Da wäre zunächst die historische Markthalle. Naschkatzen sollten unbedingt hineingehen.
Die Katharinenkirche hätte ich mir wohl auch einmal von hinten anschauen sollen, stelle ich im Nachhinein fest.
Gleich gegenüber auf einer kleinen Insel zwischen zwei Armen des Radaunekanals liegt die Große Mühle (Wielki Młyn).
Das Altstädtische Rathaus (Ratusz Starego Miasta) ist übrigens aus dem Jahre 1595 und damit jünger als das Rechtsstädtische. Wie gesagt, es ist etwas verwirrend.
Da mein Mann eine Schwäche hat für alles, was mit Eisenbahn zu tun hat, schauen wir uns am Ende unseres Rundgangs noch den Hauptbahnhof an. Solltest Du übrigens mit der Bahn fahren, beispielsweise in eine der anderen beiden Städte der Dreistadt, so ist es hilfreich, sich den polnischen Namen „Gdańsk Główny“ zu merken. Der Bahnhof ist hübsch anzusehen, aber leider schwer zu fotografieren und überraschend klein.
Vom Bahnhof aus machen wir uns schließlich wieder auf den Weg zu unserem Ausgangspunkt und gehen noch einmal durch das Goldene Tor. Unzweifelhaft verfügt Danzig über eine Vielzahl an gastronomischen Betrieben. Aber wer uns kennt, kann sich denken, wo wir den Abend beschließen. Ein Besuch des Hard Rock Cafés ist für uns auf Reisen immer ein Muss – zumindest, wenn wir eine Stadt zum ersten Mal besuchen. Denn wir möchten ja unsere Sammlung an Shot-Gläsern ergänzen.
Außerdem ist es hier auch sehr schön direkt am Langen Markt gelegen. Die Cocktails sind gut, wie immer, und auch die Burger schmecken wieder einmal. Und überraschenderweise können wir ausgerechnet hier, in dieser US-amerikanischen Restaurantkette, das legendäre Danziger Goldwasser probieren, einen klaren würzig-süßen Likör, der kleine Blattgoldflocken enthält. „Think global, act local“ – ja, die Betreiber des Hard Rock Cafés wissen, wie’s geht.

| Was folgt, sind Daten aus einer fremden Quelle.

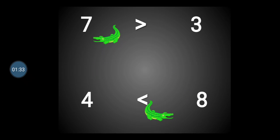The open end of the sign is pointing towards the number 3, which is smaller than the number 7. So, the number 4 is smaller than the number 8. The closed end is pointing towards the smallest number, that is 4, and the open end of the sign is pointing towards the bigger number, that is 8.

Auf dem Langen Markt herrscht noch ein buntes Treiben, als wir uns schließlich auf den Rückweg machen. Die Tram rumpelt wieder ganz ordentlich, bringt uns aber zuverlässig zurück bis zu Endstation, von der aus es nur noch wenige Meter bis zum Campingplatz sind. Viel gesehen, einige Kilometer gelaufen und zuletzt gut gegessen und getrunken – was will man mehr? So sieht für uns ein perfekter Tag aus.
Gut zu wissen
Danzig bildet zusammen mit den gleich daneben liegenden Städten Zoppot (Sopot) und Gdingen (Gdynia) die sogenannte Dreistadt (Trójmiasto). Zusammen kämen die drei Städte auf knapp 750.000 Einwohner und lägen damit wahrscheinlich auf Platz zwei oder drei. Für Danzig alleine solltest Du mindestens einen ganzen Tag, also idealerweise zwei Übernachtungen einplanen. Möchtest Du den Nachbarstädten auch noch einen Besuch abstatten, empfehle ich Die eine weitere Übernachtung. Da wir auf einem Campingplatz etwas weiter außerhalb übernachtet haben, kam für uns noch die Fahrt mit der Straßenbahn in die Innenstadt als weiterer Zeitfaktor hinzu. Die Anreise ist übrigens nicht zu unterschätzen: auf dem dichten Straßennetz rund um die Dreistadt herrscht reger Verkehr, vor allem zur rush hour. Und noch eine Bemerkung: Falls Du, wie wir, etwas altmodisch bist und gerne mit „richtigen“ (gedruckten!) Straßenkarten arbeitest, vergiss die zehn Jahre alte Karte, die Dir Deine Freunde bereitwillig geliehen haben. Sie ist Geschichte.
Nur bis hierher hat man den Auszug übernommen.